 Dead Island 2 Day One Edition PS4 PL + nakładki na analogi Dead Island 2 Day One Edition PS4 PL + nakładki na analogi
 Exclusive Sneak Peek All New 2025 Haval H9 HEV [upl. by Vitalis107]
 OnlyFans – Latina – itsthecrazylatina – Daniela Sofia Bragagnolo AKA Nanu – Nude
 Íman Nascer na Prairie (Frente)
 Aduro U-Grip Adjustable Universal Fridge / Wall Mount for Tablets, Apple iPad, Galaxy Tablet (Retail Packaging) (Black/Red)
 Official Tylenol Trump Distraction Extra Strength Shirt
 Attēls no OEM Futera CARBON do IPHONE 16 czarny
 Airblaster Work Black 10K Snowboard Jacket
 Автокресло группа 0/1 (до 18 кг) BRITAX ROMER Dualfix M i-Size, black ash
+ + + + + + +
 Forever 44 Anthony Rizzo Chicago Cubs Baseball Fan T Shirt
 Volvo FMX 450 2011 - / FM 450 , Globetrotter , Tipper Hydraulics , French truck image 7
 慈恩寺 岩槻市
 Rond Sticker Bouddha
+ + + + + + +
> What is being asked
Within the listing above, the range opens at the line with "Volvo FMX 450" and closes at the line with "Rond Sticker Bouddha". Reproduce exactly the lines of that range, including both ends.

> Output for this exercise
 Volvo FMX 450 2011 - / FM 450 , Globetrotter , Tipper Hydraulics , French truck image 7
 慈恩寺 岩槻市
 Rond Sticker Bouddha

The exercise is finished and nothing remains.